After 8 long months at the dock, we finally went sailing again! Memorial Day weekend was just too gorgeous to ignore, and the water was calling to us. It was the first time with our little family of 3 (plus Scout, of course) and we had a blast. We weren’t as rusty as I feared we would be. Story Time sailed like a dream, and seeing her sails up filled me with such joy and contentment.

memorial day

While we were prepping the boat after a stagnant winter, I was jittery with nerves. How in the world could we safely sail with an infant? Were we negligent parents to even consider doing so? Let me tell you, seeing my baby girl gaze in wonder out at the water while safely strapped to her dad made all doubts fly out the window. Here’s how we sailed with a baby, and cardinal rules we have decided to follow:

1. Wait until baby has good head control. For us, that was 5 months. W can roll over and is close to sitting up unassisted. She is huge for her age and has strong body control. I definitely wouldn’t take a baby out who is younger than 3 months, but that is personal preference.

2. Pick a day with perfect weather. We had a max of 10 mph winds, and it made for such a calm experience. If there was any chance of high winds or storms, we would not have gone out.

3. Go over your casting off and docking steps. Who is doing what, when, and with which line. Review it over and over until you’re confident with your plan of action. Worrying about the baby took up massive space in my brain, so it was necessary to be able to move without second-guessing myself as we left the marina and came back.

4. Stay local. Don’t push your luck and risk a fussy and unhappy baby who is hot and tired. We only sailed around New River and were gone a total of 4 hours. As W gets older, we will go for longer stretches, but this was a good start.

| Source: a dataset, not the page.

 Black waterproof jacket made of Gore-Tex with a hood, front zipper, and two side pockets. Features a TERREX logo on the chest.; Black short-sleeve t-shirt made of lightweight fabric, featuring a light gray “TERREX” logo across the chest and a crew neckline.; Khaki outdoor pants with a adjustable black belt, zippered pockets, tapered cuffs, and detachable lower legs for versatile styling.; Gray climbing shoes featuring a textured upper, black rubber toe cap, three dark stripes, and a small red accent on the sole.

5. Babywear. Seriously. We have a Lillebaby carrier that can be adjusted to both me and Conor, and W loves it. Conor wore W during the sail because he was at the helm the whole time. I like to run the sails, so I needed to be free to maneuver. This brings me to rule #6:

6. Baby does not leave the cockpit, ever, except to go down below into the cabin with Mom to eat/stretch out/etc. If she is not in her Lillebaby, then she is in her Stohlquist infant lifejacket.

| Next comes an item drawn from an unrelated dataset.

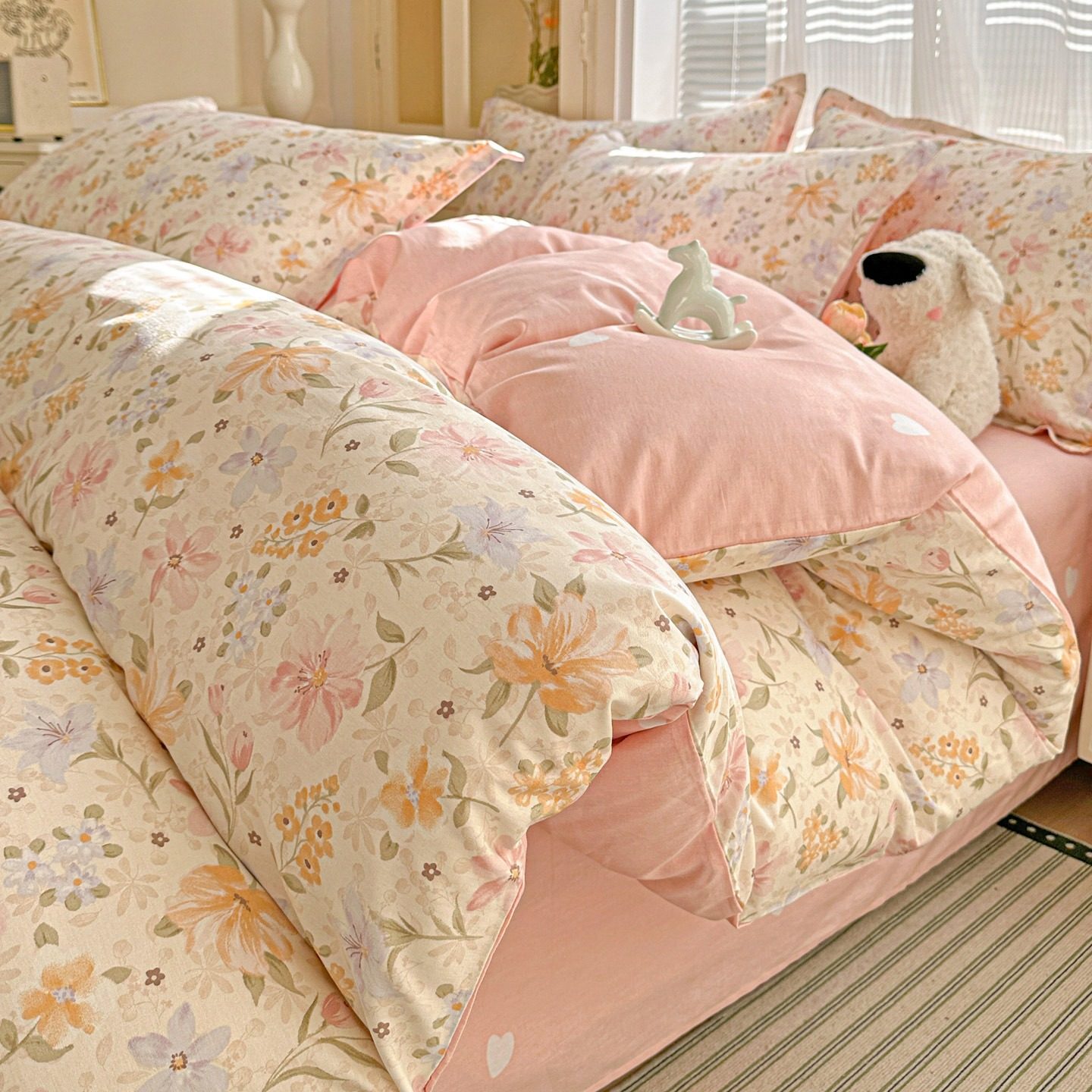 2026新款全棉纯棉花ins小清新四件套田园风被套床单宿舍床笠3件套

7. For casting off and docking, baby goes in her crib down below. She protested a little when we were casting off, wondering why she couldn’t be in on the action, but it was better for her to fuss in a safe place for 5 minutes while we got underway. While we were docking, she was quite content to wait for us and babbled in her crib. Her crib is strapped down in the v-berth, and won’t move.

8. Leave and return while your marina is open and there are staff members to help you. It is quicker and smoother than trying to do it with just two people. I’m a fan of whatever makes life easier with a baby.

memorial day 2

All in all, it was easier than I expected it to be. I had thought that we might need to rig up some sort of car seat contraption in the cockpit to put W in while underway, but once we came up with these rules, it was pretty much unnecessary. We are looking forward to more adventures this summer, especially anchoring out. If you have any additional tips for sailing with babies, please post them in the comment section!